2, a plan view of a general layout of the thin film substrate 11 is shown. An ink firing register 56 is formed in a register region adjacent to the longitudinal edge of the thin film substrate 11. The patterned gold layer 62 constituting the gold trace forms an upper layer of the thin film structure in the gold layer region 62 which is usually disposed in the center of the thin film substrate 11 between the resistor regions and extends between the ends of the thin film substrate 11. . Bond pads 71 for external connections are formed, for example, in the patterned gold layer 62 adjacent the ends of the thin film substrate 11. The ink barrier layer 12 is formed to cover the entirety of the patterned gold layer 62 except for the bonding pads 71 and to cover the area between the ink chamber and each opening forming an associated ink channel.
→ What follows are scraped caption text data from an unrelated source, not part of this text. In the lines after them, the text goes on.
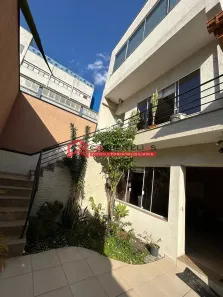 Sobrado com 5 Quartos para alugar, 213m² no Água Branca, São Paulo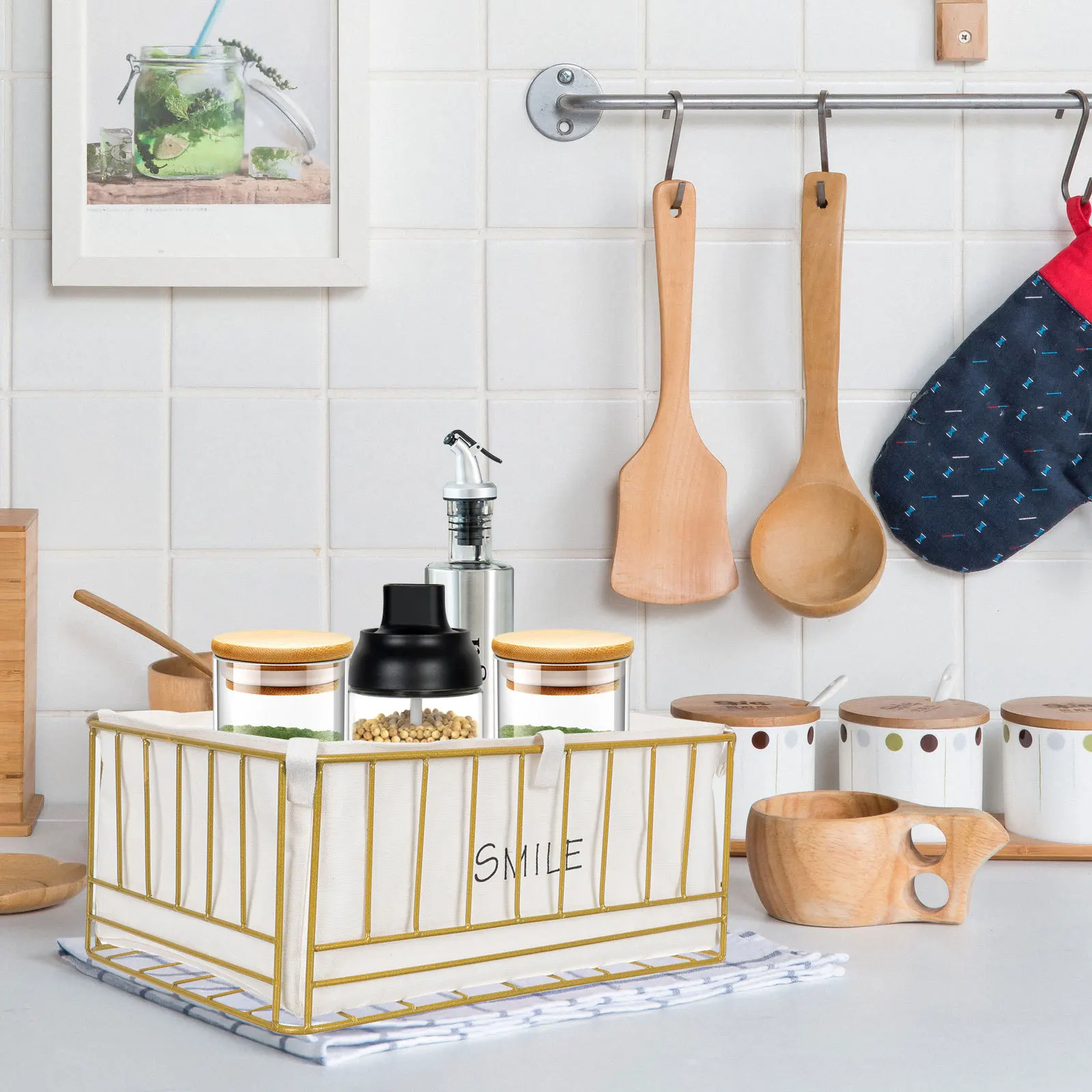 

Metal Wire Basket Storage Organizer Gold Desktop Sundries Holder Fruit Snacks Closet Space Saver Home Decorative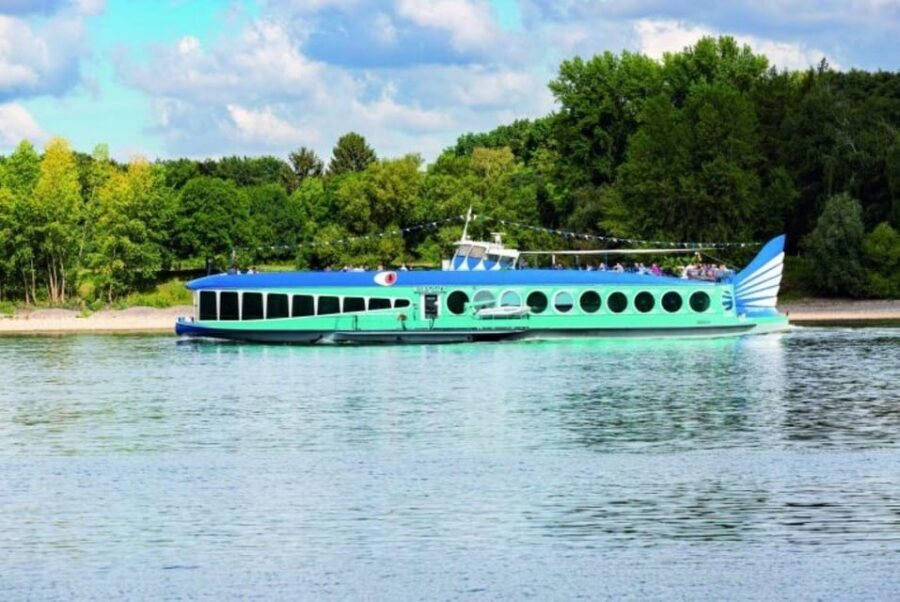 typical Cologne evening cruise on board of Moby Dick in Bonn - The buffet on board: more than just a snack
Depending on the facility, one or more thin film layers may be disposed over the patterned gold layer 62.

Referring now to FIG. 3, there is shown a schematic plan view showing the configuration of a plurality of representative heater resistors 56, an ink chamber 19, and an associated ink channel 29. As shown in FIG. 3, the heater resistor 56 is closed on at least two sides by a wall of the ink chamber 19, which may be polygonal (eg rectangular) and may have multiple sides, for example. The ink channel 29 may extend farther from the associated ink chamber 19 and may be wider by a distance from the ink chamber 19. The ink chamber 19 and associated ink channel 29 are formed by an array of side-by-side barrier tips 12a extending from the center of the ink barrier layer 12 towards the transfer edge of the thin film substrate 11.
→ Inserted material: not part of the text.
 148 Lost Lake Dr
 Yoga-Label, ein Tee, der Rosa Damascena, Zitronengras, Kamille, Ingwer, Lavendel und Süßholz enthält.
According to the invention, the thin film substrate 11 has a carbon-rich layer 63, in particular a diamond-like carbon (DLC) layer (FIG. 4), which layer can be patterned and the ink barrier layer 12 It functions as an adhesion layer for. The DLC layer 63 is formed to cover the entire patterned gold layer 62 other than the bond pad 71.

Referring now to FIG. 4, a cross-sectional view of the inkjet printhead of FIG. 1 is shown by cutting a portion of the gold layer region 62 disposed centrally and a representative ink drop generator, showing a particular embodiment of the thin film substrate 11. The thin film substrate 11 of the inkjet printhead of FIG. 4 is in particular a silicon substrate 51, an electric field oxide layer 53 stacked on the silicon substrate 51 and a patterned phosphorus doped oxide layer 54 disposed on the electric field oxide layer 53. ). A resistive layer comprising titanium aluminum is formed on the phosphorus layer 54 and extends to an area where a thin film resistor having an ink firing resistor 56 is formed below the ink chamber 19. A patterned metallization layer 57 comprising a small amount of aluminum doped with copper and / or silicon is disposed over the resistive layer 55.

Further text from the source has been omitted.